Holocaust mothers and daughters
Posted on: October 21, 2013; Updated on: October 21, 2013
By Chris Horn, chorn@sc.edu, 803-777-3687
The numbers alone are mind-numbing — 6 million Jews shot, gassed and starved to death in Nazi concentration camps during the Holocaust in Europe.
And while scores of books, movies and documentaries have presented heartbreaking stories of that era, the voices of Jewish women — daughters and mothers of the Holocaust — have often been forgotten or misrepresented. Federica Clementi is working to change that.
“The Holocaust was horrible for everyone, but there has always been a lack of female figures in the memoirs of the big writers of the Holocaust,” said Clementi, an assistant professor of Jewish Studies in the College of Arts and Sciences. “Holocaust literature has often painted an idealized portrait of these women as perfect victims and not as real people.”
In her new book, “Holocaust Mothers & Daughters: Family, History and Trauma” (Brandeis University Press), Clementi revisits the stories of several women who experienced the Holocaust with their mothers — either directly or indirectly — and who later recalled their relationships with their mothers in unvarnished narrative.

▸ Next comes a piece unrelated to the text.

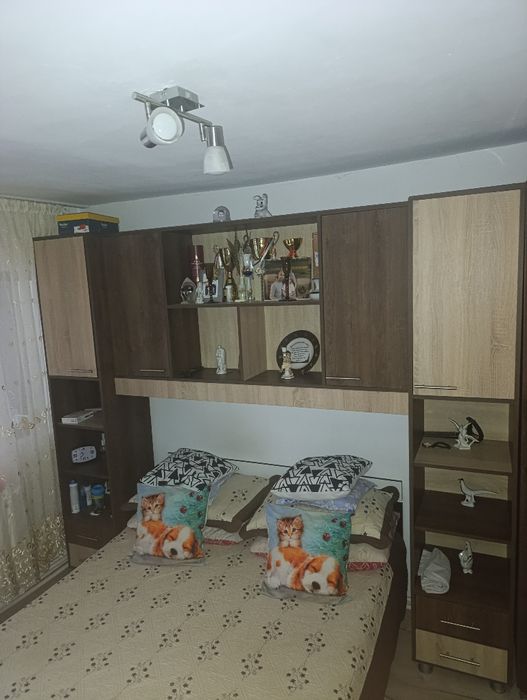 Mobila dormitor pe colț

She presents the story of Edith Bruck, a Hungarian-born woman who ended up in Auschwitz as a child, witnessed her mother’s murder there and survived to become a writer in Italy. Austrian-born Ruth Klüger was deported with her mother to Theresienstadt, Auschwitz and other camps, which they survived together before immigrating to New York.
Another chapter presents German-born Helena Janeczek whose parents were Holocaust survivors from Poland. Janeczek’s memoir recounts growing up with a mother half-crazed by the experience of surviving Auschwitz and losing her entire family in the death camps.
“The last chapter looks at perhaps the most famous Holocaust story: that of Anne Frank, which represents the case of daughters brought to death camps with their mothers and murdered there with them,” Clementi said.
Clementi’s book is not just another collection of Holocaust stories. It is a vigorous argument that the authentic, unfiltered voices of women must be heard as vital aspects of the big picture of the Holocaust. She also points to persistent anti-Semitism and patriarchal structures in society that foment conflict, oppression and exclusion as enduring problems in the aftermath of the Holocaust.
Finally, Clementi makes the case that the trauma of the Holocaust continues in the lives of surviving offspring.
“You can’t just move on from genocide. You live with that horror for the rest of your life,” she said. “Every genocide is going to affect women — look at Rwanda or Yugoslavia as recent examples. Genocide is going to put women and children first in the line of fire.”